======== Extracted records ========

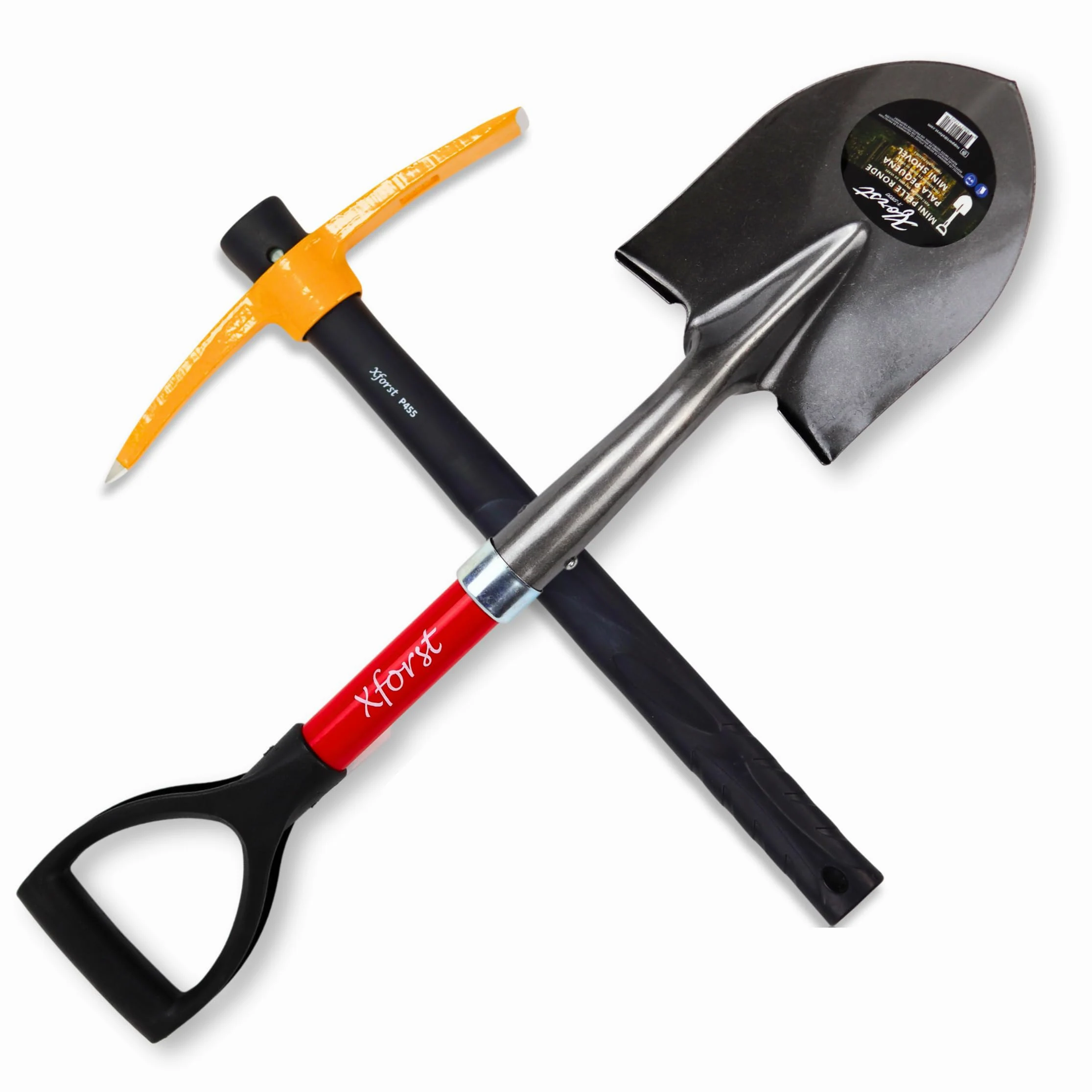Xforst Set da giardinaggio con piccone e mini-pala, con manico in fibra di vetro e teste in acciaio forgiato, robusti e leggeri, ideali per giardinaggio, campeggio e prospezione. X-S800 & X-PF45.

========
======== Extracted records ========

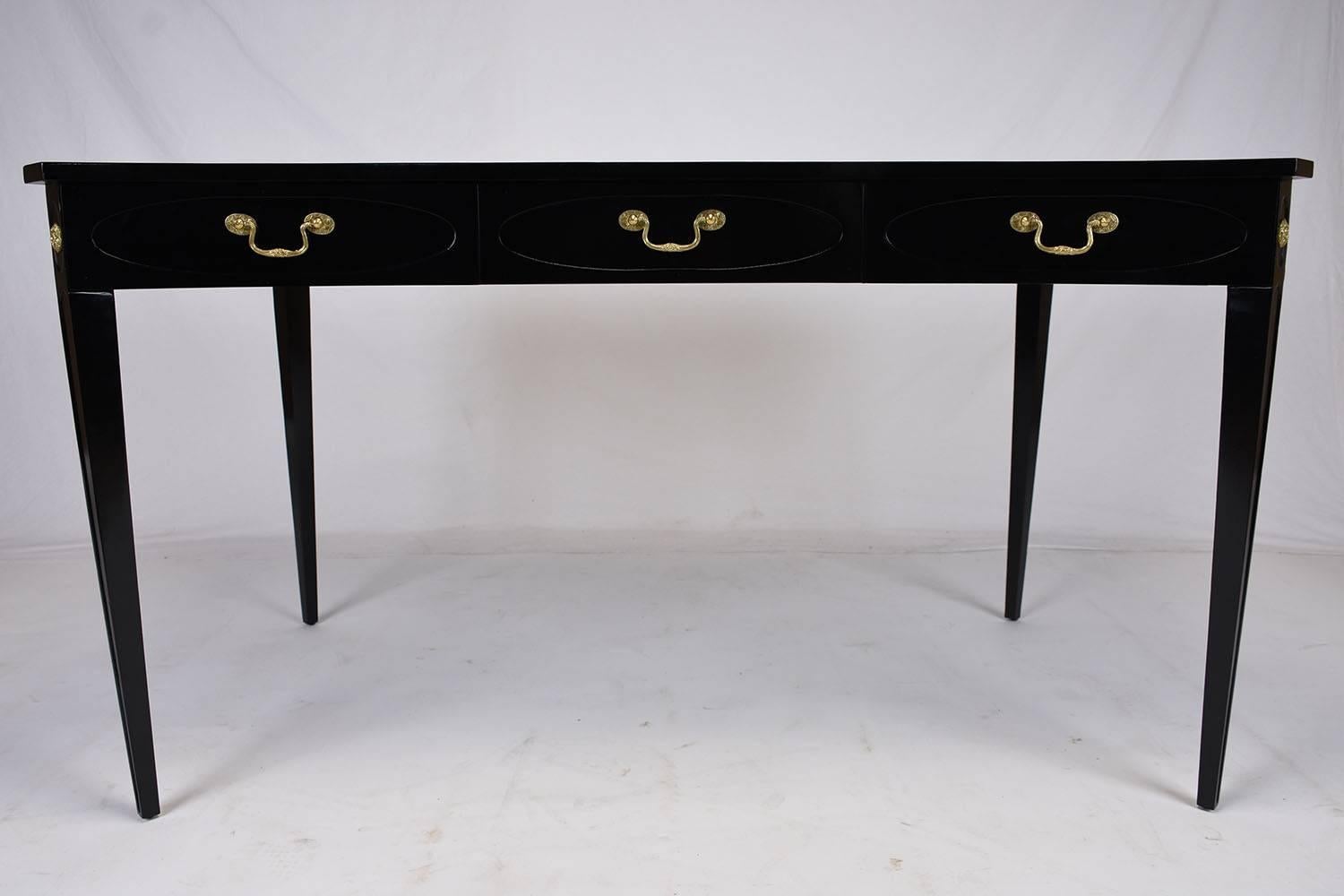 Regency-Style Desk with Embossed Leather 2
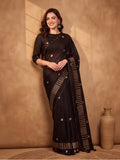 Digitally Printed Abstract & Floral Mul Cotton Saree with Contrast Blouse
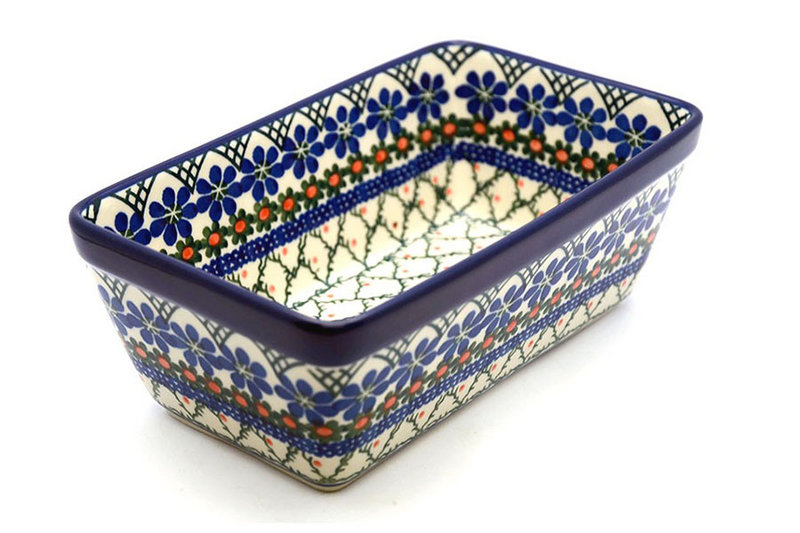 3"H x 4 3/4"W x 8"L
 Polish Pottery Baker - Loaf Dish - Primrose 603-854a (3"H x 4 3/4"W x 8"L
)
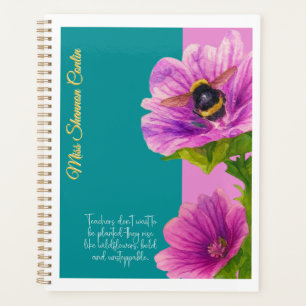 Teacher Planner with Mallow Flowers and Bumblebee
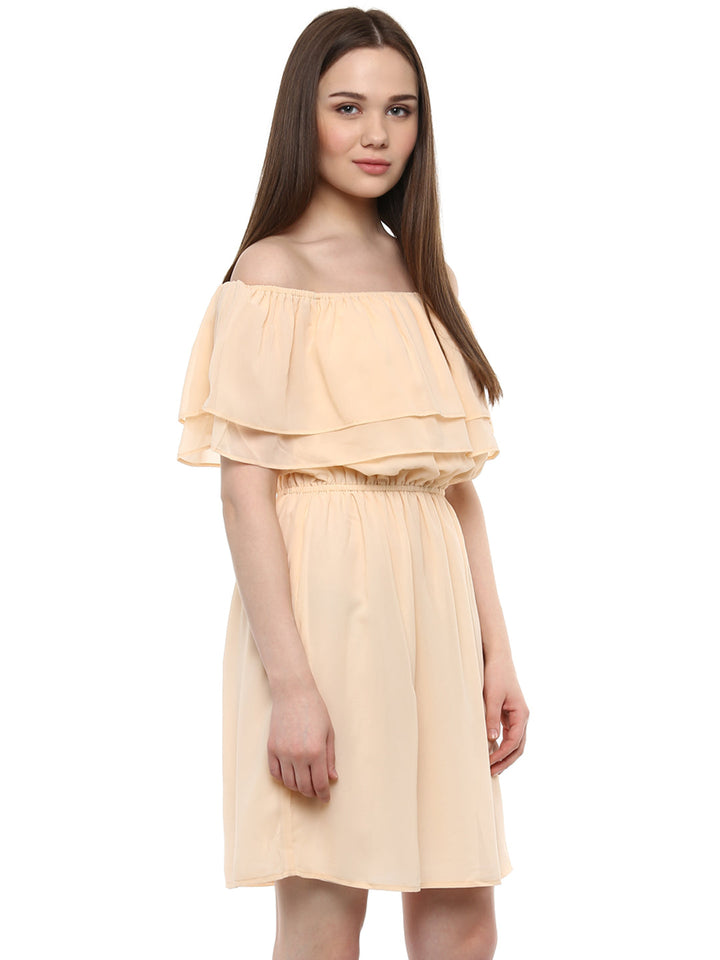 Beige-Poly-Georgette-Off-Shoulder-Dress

========
======== Extracted records ========

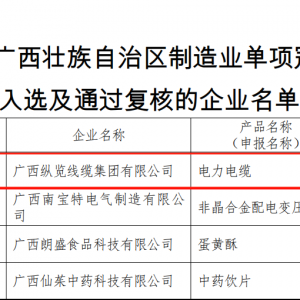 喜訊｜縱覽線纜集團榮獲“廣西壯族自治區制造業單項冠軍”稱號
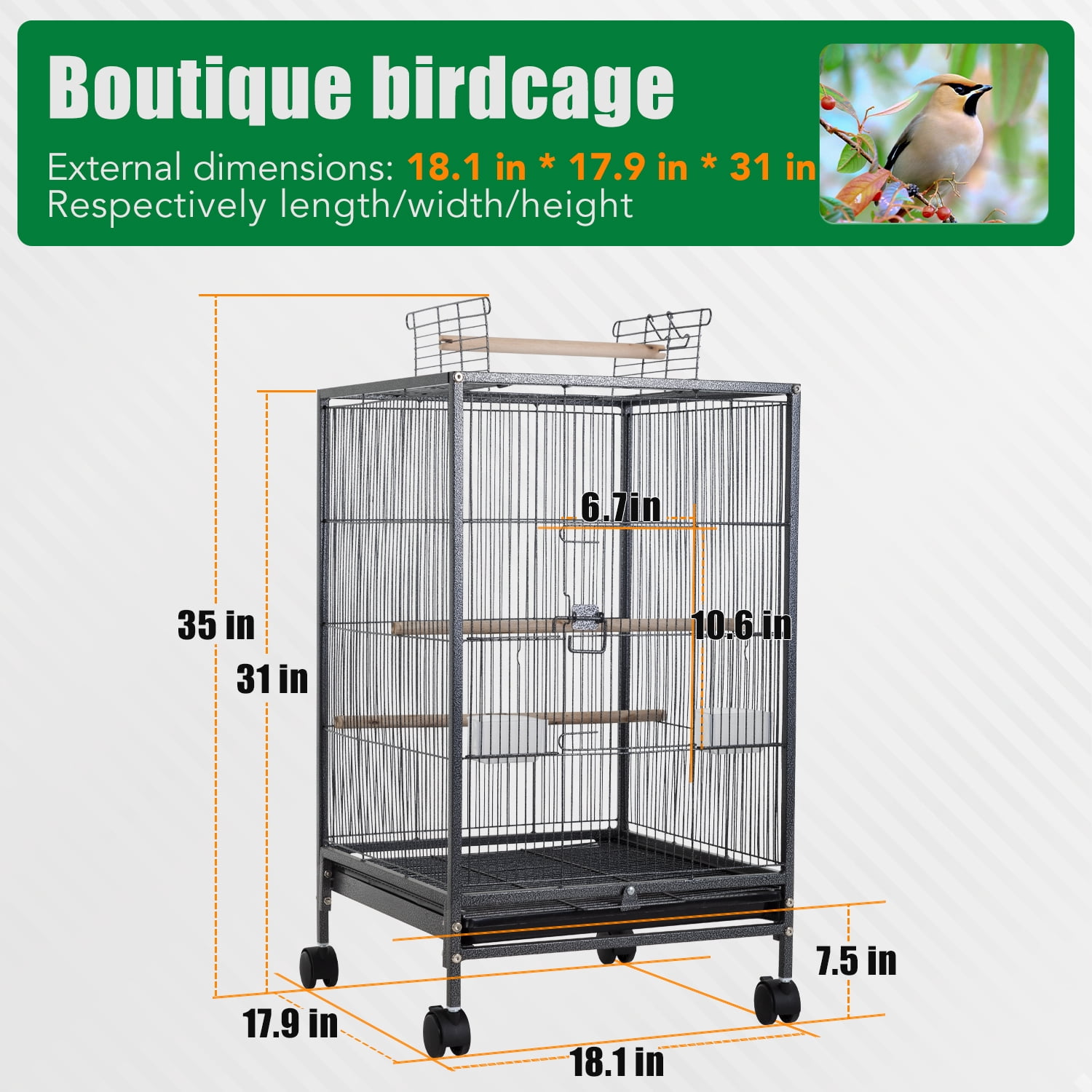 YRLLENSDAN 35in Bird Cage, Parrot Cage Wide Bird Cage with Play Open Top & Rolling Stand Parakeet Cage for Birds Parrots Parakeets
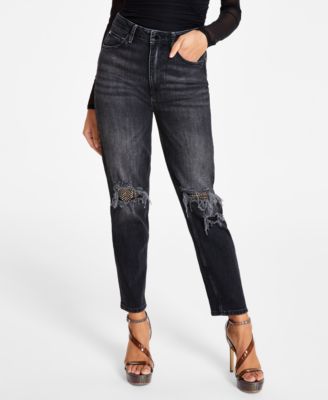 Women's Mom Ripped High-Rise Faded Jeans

========

Assignment: With the pictures left out, write out exactly the lines above from the one containing "Teacher Planner with" through the one containing "Beige-Poly-Georgette-Off-Shoulder-Dress".

Solution:
 Teacher Planner with Mallow Flowers and Bumblebee
 Beige-Poly-Georgette-Off-Shoulder-Dress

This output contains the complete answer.